Todd Austin recognized for outstanding achievements

Austin is a recognized leader in the area of computer architecture research.

Todd Austin Enlarge
Prof. Todd Austin

Prof. Todd Austin has been recognized with the University of Michigan’s Distinguished Faculty Achievement Award, which honors senior faculty who have consistently demonstrated outstanding achievements in the areas of scholarly research or creative endeavors, teaching and mentoring of students and junior faculty, service, and a variety of other activities. Up to five awards of $2,500 are made each year.

Austin is a recognized leader in the area of computer architecture research, having delivered several seminal papers that have changed the landscape of research in the field. He is the 12th and 13th most cited author on the MICRO and ISCA Hall of Fame, respectively, and a former leader C-FAR, which was the field’s largest research center at the time.

Most recently, Austin began work on with a $3.6M DARPA grant to design an “unhackable” computer that is inspired by the human immune system. He leads the project, called Morpheus, which uses an immunological approach that is dramatically different from today’s software approaches. The project outlines a new way to design hardware so that information is rapidly and randomly moved and destroyed. The technology works to elude the attacker from the critical information they need to construct a successful attack—it could protect both hardware and software.

In 2016, Austin led a project that identified a hardware backdoor that can be secretly added to a microprocessor design late in the fabrication stage. This backdoor could be triggered later via software commands to trip the system’s “privilege” bit and take over control of the host system. His paper, “A2: Analog Malicious Hardware,” earned top honors at the 37th IEEE Symposium on Security and Privacy.

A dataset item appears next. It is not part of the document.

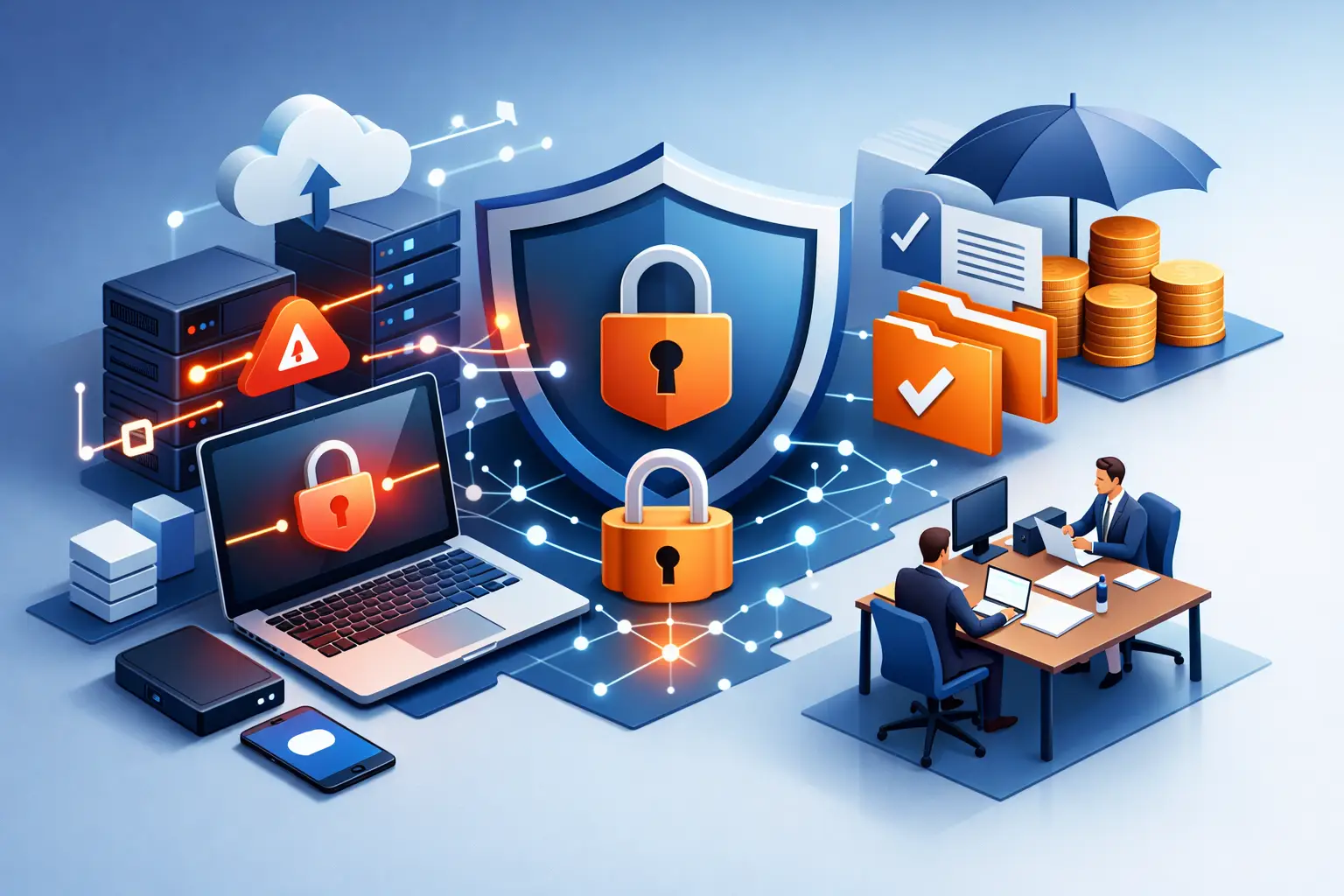Ransomware-Folgekosten und Versicherungsschutz Mittelstand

Austin’s past influential projects include Bulletproof, a set of novel, ultra low-cost mechanisms to protect a microprocessor pipeline and on-chip memory system from silicon defects, and Razor, a low-power processor design based on timing speculation that increases energy efficiency with little performance impact. The latter inspired the movement for “probabilistic computing” in which an architecture is permissive of errors in order to save power, time, and other resources. In earlier work, he released SimpleScalar, one of the first execution-driven architectural simulators, and his paper describing it has been cited over 3500 times. The simulator led to a revolution of quantitative computer architecture research where performance analysis became a required ingredient of every published paper.

In 2017, he was named an IEEE Fellow for his contributions to simulation techniques and resilient system design in computer architecture. Amongst his many recognitions, he has twice received the Richard Newton Gigascale Systems Research Center Industrial Impact Award, the ACM/SIGARCH Maurice Wilkes Award, the U-M Henry Russel Award, and a number of research and teaching awards from the College of Engineering. Early in his career at Michigan, he received an NSF CAREER Award and was selected as a Sloan Fellow.